**DATA IN THIS EXERCISE**.
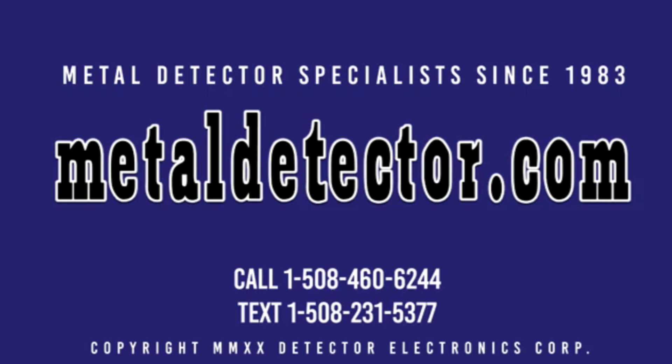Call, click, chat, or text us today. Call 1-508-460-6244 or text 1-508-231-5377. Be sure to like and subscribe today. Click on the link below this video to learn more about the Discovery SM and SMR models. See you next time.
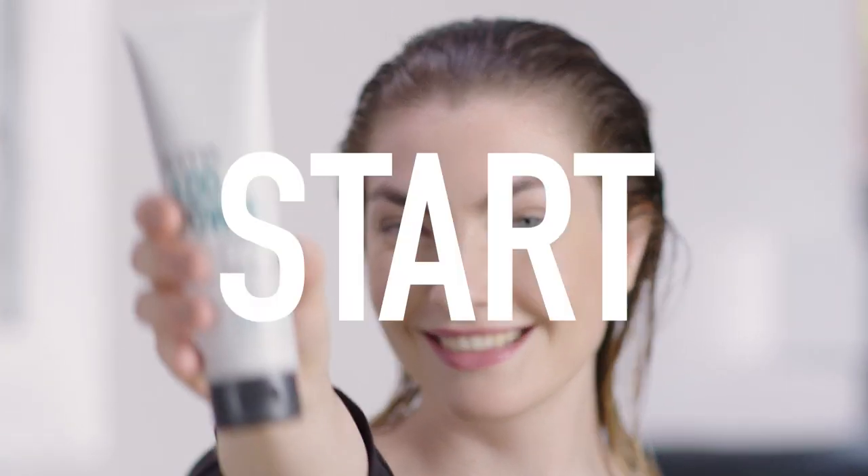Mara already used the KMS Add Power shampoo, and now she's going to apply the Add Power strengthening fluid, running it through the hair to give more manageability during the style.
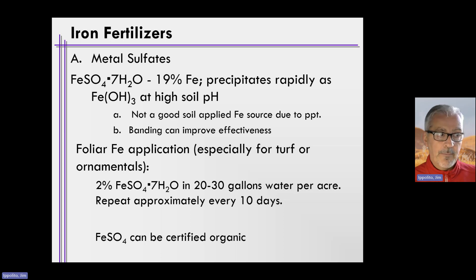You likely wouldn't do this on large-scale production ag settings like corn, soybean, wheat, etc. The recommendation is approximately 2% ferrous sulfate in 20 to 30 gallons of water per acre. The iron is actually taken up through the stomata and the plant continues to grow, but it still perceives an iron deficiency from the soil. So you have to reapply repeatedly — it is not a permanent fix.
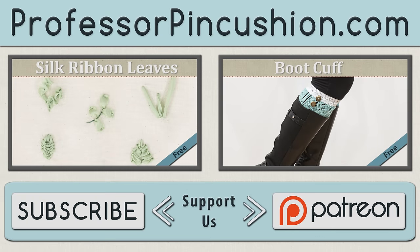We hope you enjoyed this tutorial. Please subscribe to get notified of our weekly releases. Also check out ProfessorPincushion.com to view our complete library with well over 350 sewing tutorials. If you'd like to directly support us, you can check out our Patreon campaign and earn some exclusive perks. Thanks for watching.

...

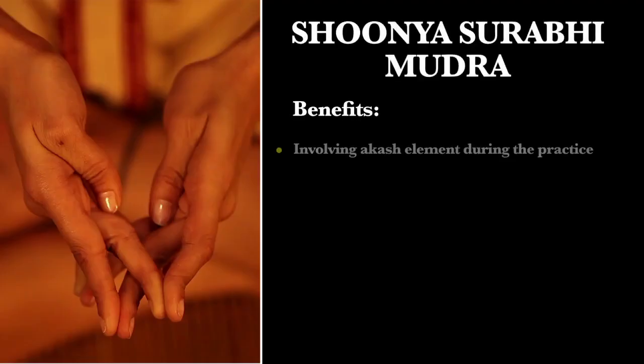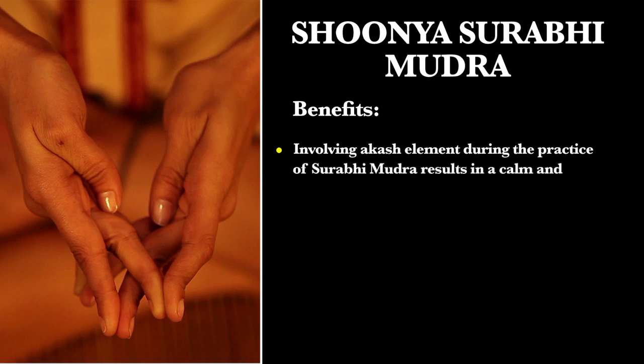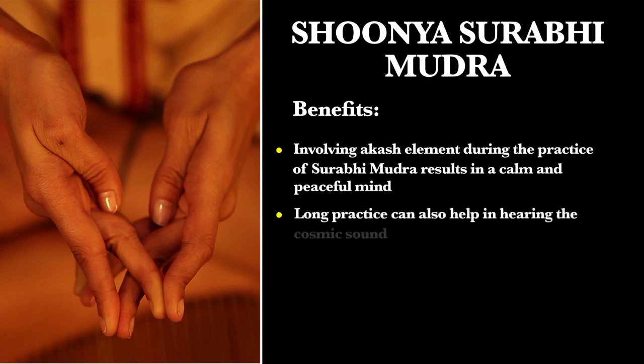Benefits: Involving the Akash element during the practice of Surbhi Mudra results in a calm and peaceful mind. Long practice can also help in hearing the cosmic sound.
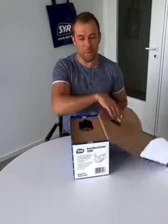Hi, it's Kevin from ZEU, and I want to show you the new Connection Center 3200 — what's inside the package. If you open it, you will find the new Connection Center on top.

**ACTIVITY**. Above this task is a listing with pictures in it. Retype only the lines from the one containing "Benefits: Involving the" through the one containing "Hi, it's Kevin", both included, and not the pictures.

**RESULT FOR THIS TASK**.
Benefits: Involving the Akash element during the practice of Surbhi Mudra results in a calm and peaceful mind. Long practice can also help in hearing the cosmic sound.
Hi, it's Kevin from ZEU, and I want to show you the new Connection Center 3200 — what's inside the package. If you open it, you will find the new Connection Center on top.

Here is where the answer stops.